This week a new fossil has made it to its forever home in the Burke Museum of Washington State. The fossil, the remains of a Tyrannosaurus rex, includes a very complete skull, some vertebrae, ribs, hips, and parts of the lower jaw. Even though there is not yet a scientific article that describes this fossil in detail, I wanted to talk a little bit about it here.
Tyrannosaurus rex is one of the most popular dinosaurs out there. And what’s not to love? It’s got a giant head, and tiny arms, lived at the end of the Mesozoic in the western USA, and was a carnivore.
Even though it is so popular, we do not have that many fossil specimens. Complete skulls are super rare. So this new Burke Museum find is a true gem.
The fossil was found in the Hell Creek Formation of Montana this summer (2016) by 2 volunteers. The fossil, nicknamed the “Tufts-Love Rex” after the 2 discoverers, took 45 volunteers over a month to excavate. The skull is over 4 feet long and weighs 2,500 pounds (1133 kilos), mostly because of the rock surrounding the fossil inside the protective plaster jacket.

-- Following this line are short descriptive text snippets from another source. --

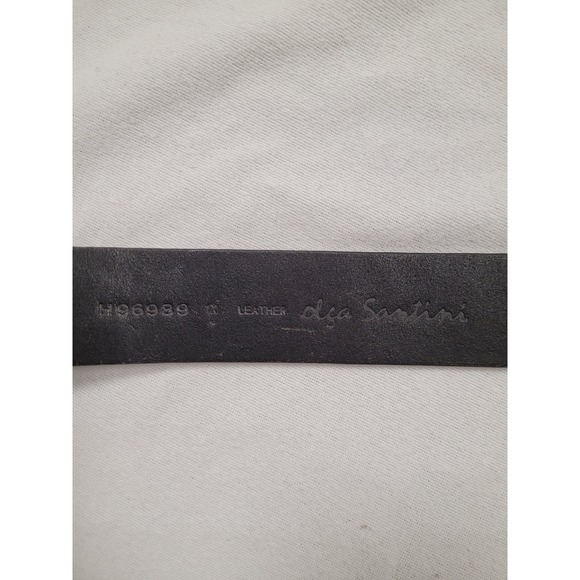 Black Leather Belt Western Boho Cowgirl Silver Buckle Olga Santini Women Sz 1X - Picture 2 of 4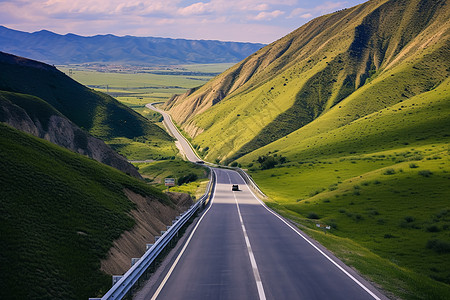 山间的公路背景图片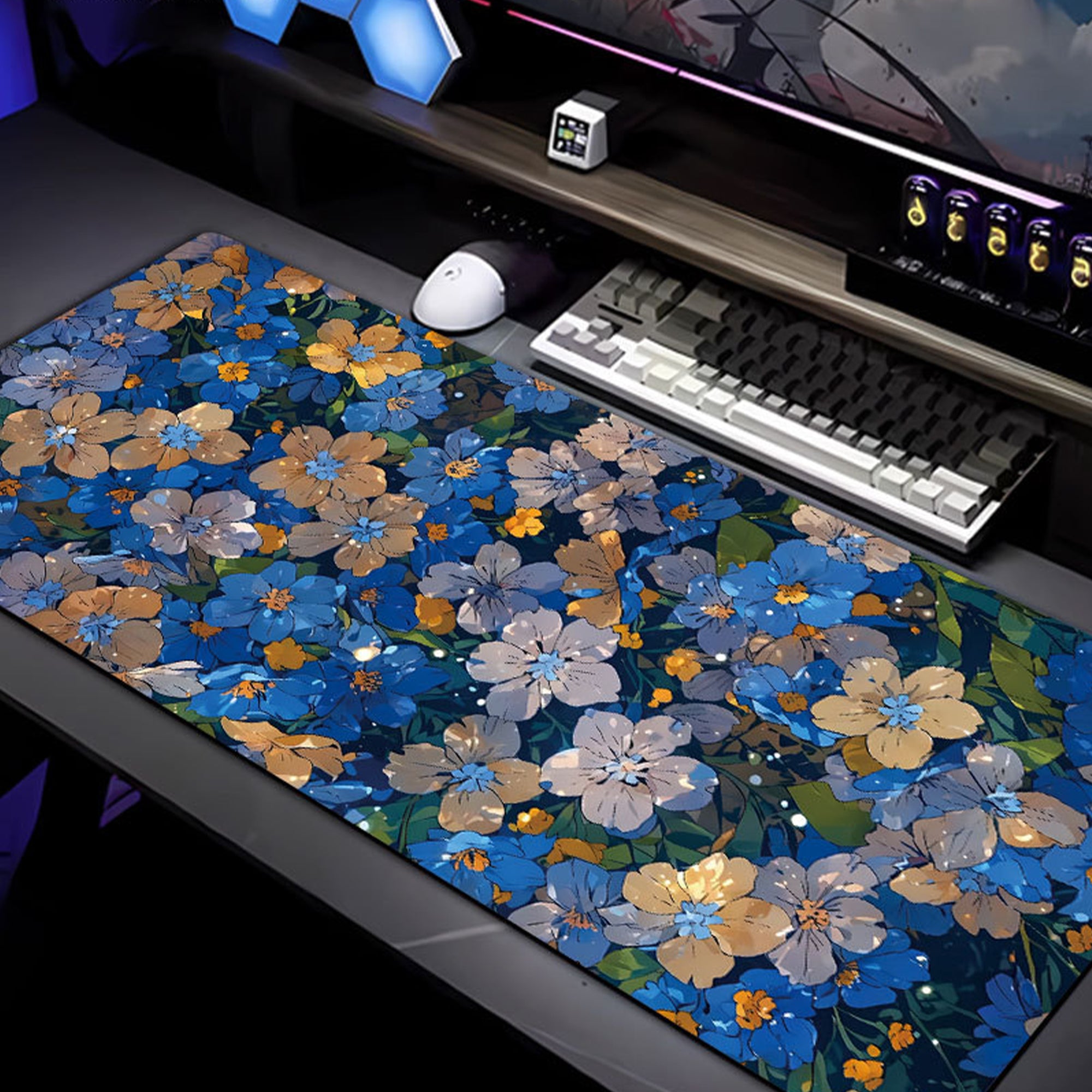 Anna-Kaci Gaming Mouse Pad Desk Mat with Floral Print Stitched Edges for Keyboard and Laptop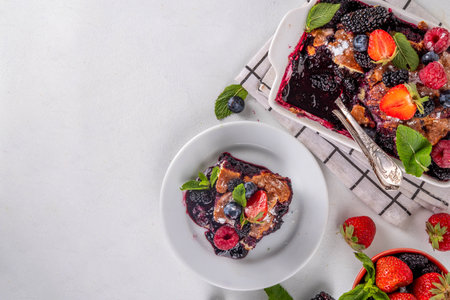 Homemade sweet berry cobbler pie cake with various garden forest berries - strawberry, blackberry, blueberry, healthy summer dessert recipe in baking pan and plate, copy spaceの写真素材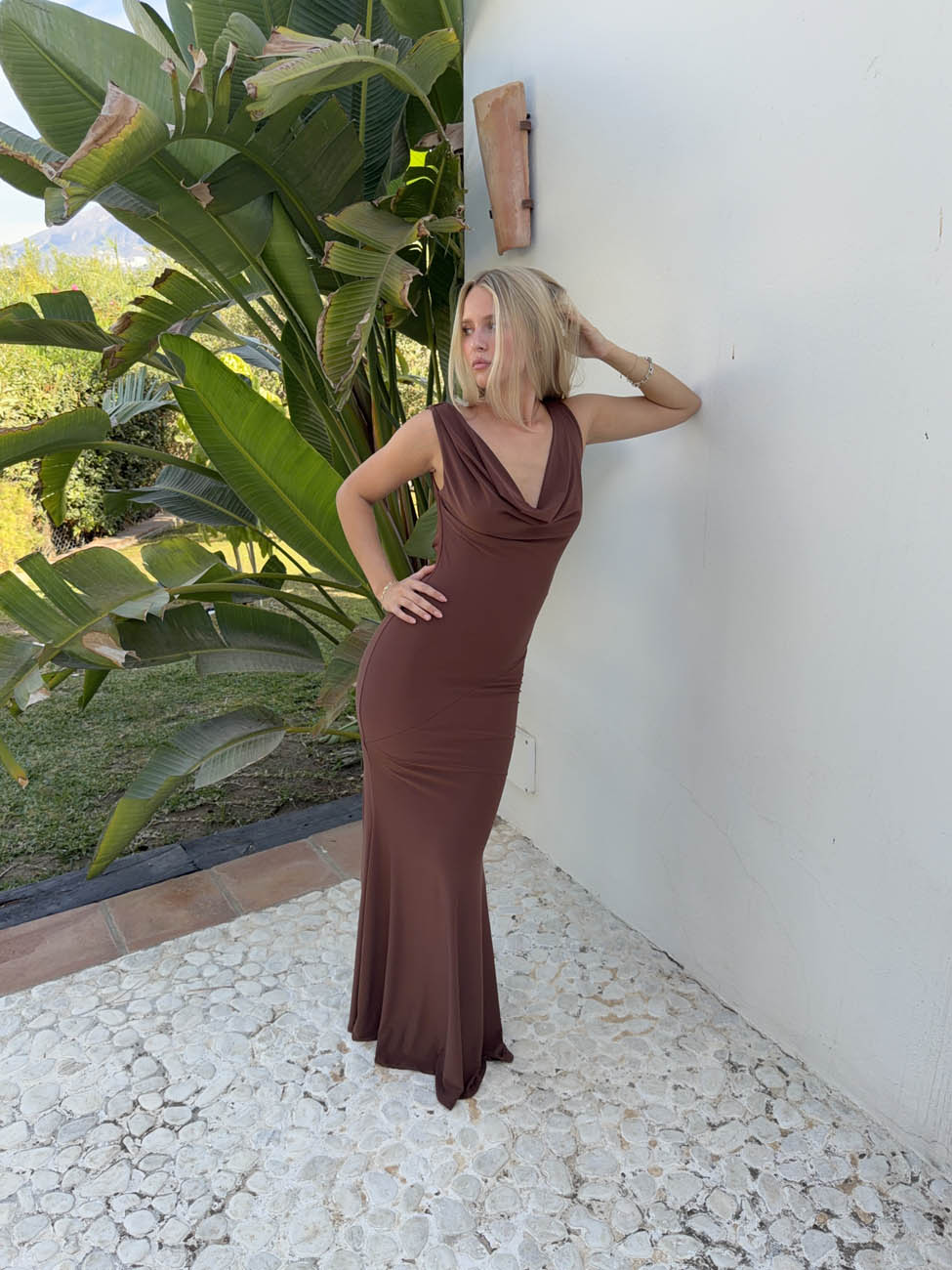 Flora Kahverengi Maxi Elbise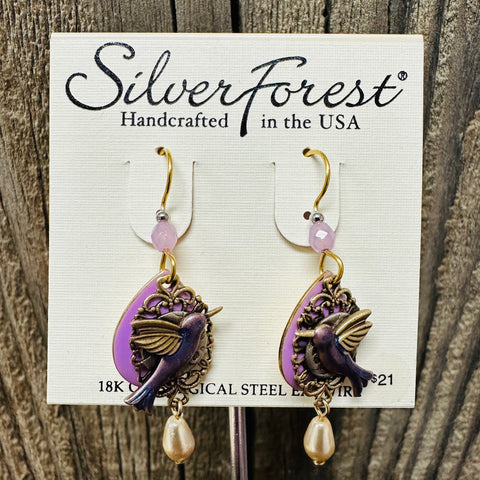 Silver Forest Purple Hummingbird Earrings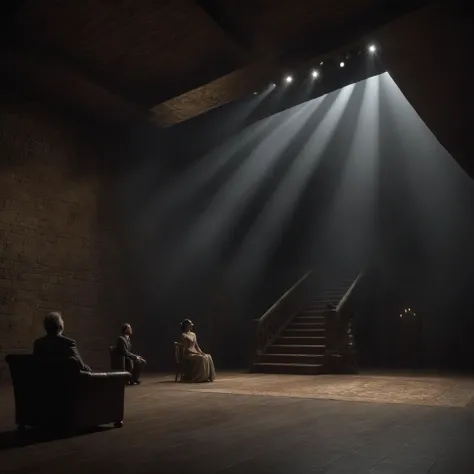 a group of people sitting in chairs in a dark room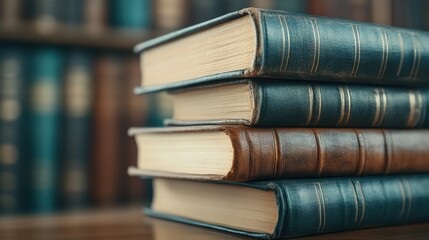 Stack of antique books in a cozy library setting, celebrating the love of reading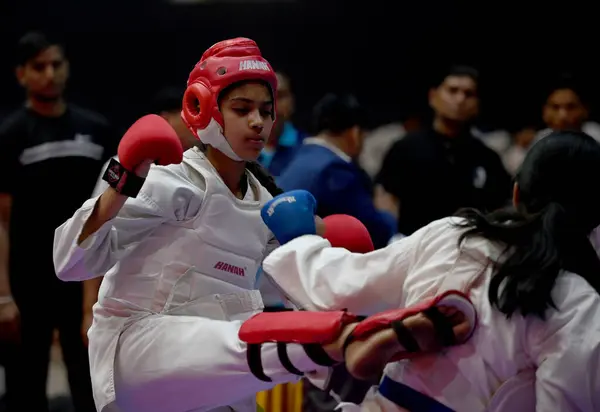 stock image NOIDA INDIA MAY 14 2023 Participants seen at the IGF National games karate competition organized by International Games Federation IGF of United World at Noida stadium sector 21A on May 14 2023 in Noida India Photo by Sunil Ghosh Hindustan Times 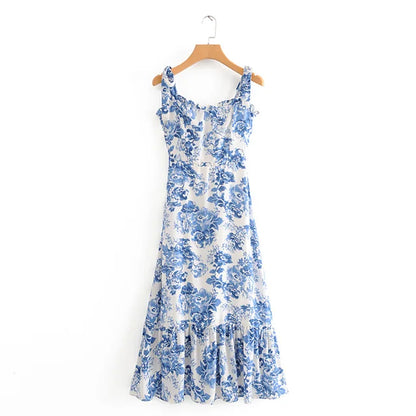 "Vintage Floral Print Spaghetti Strap Midi Dress - Summer 2020 Collection"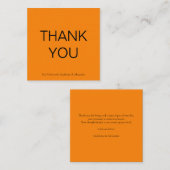 Mini carte simple Merci orange d'automne Carré (Devant / Derrière)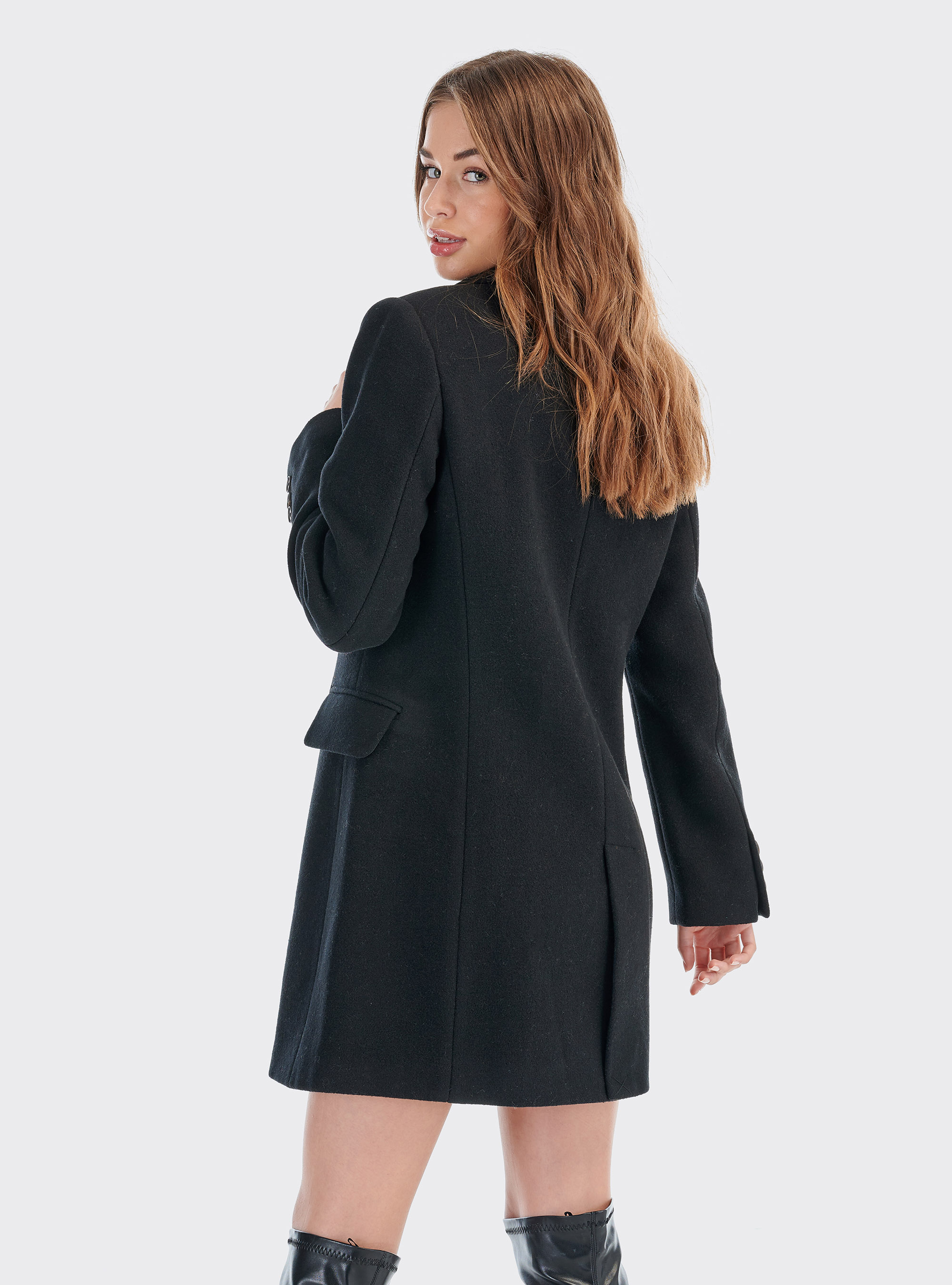 Wool blend double-breasted coat, C101 BLACK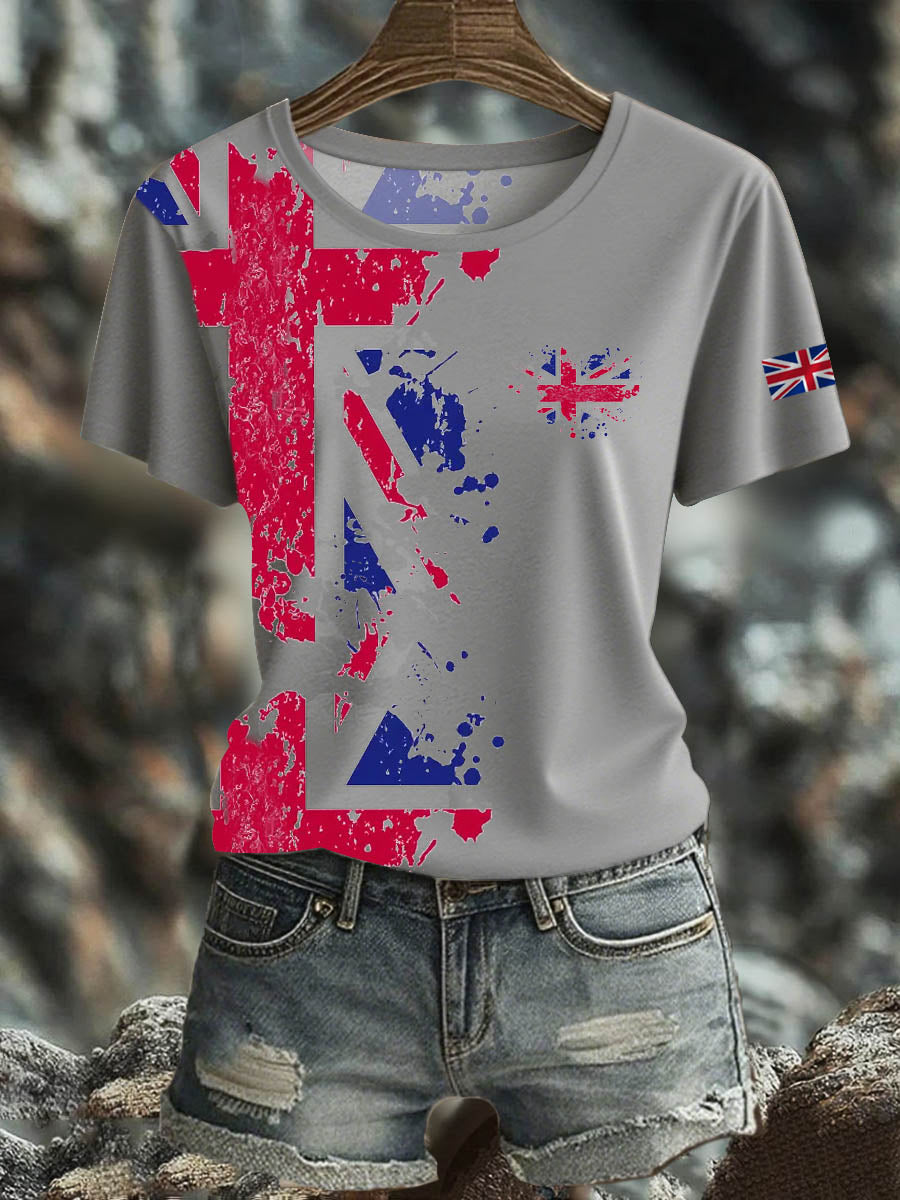 Women's British Short-Sleeved Printed T-shirt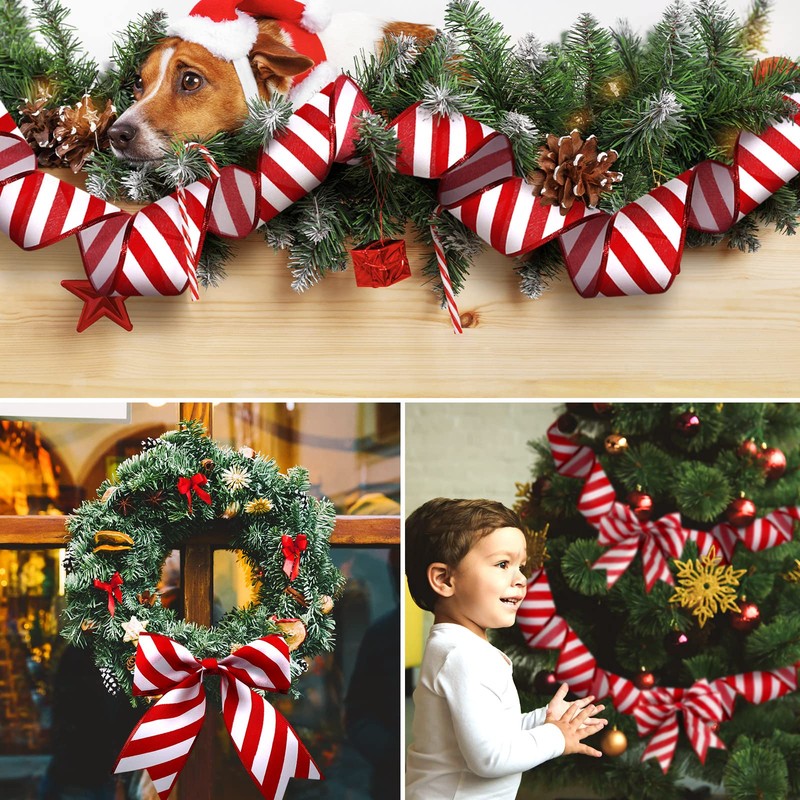 2 Rolls 2.5 Inch x 6 Yards Red and White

This week, the fossil made it safely to the Burke Museum, where preparators will remove the rock from the fossil and probably put it on display. This find shows how important it is to continue to search for fossils (we still have so much to find!) and that as long as you’re in the right place, *you* can find fossils, too! Look for local opportunities to join a field expedition and help paleontologists find new specimens!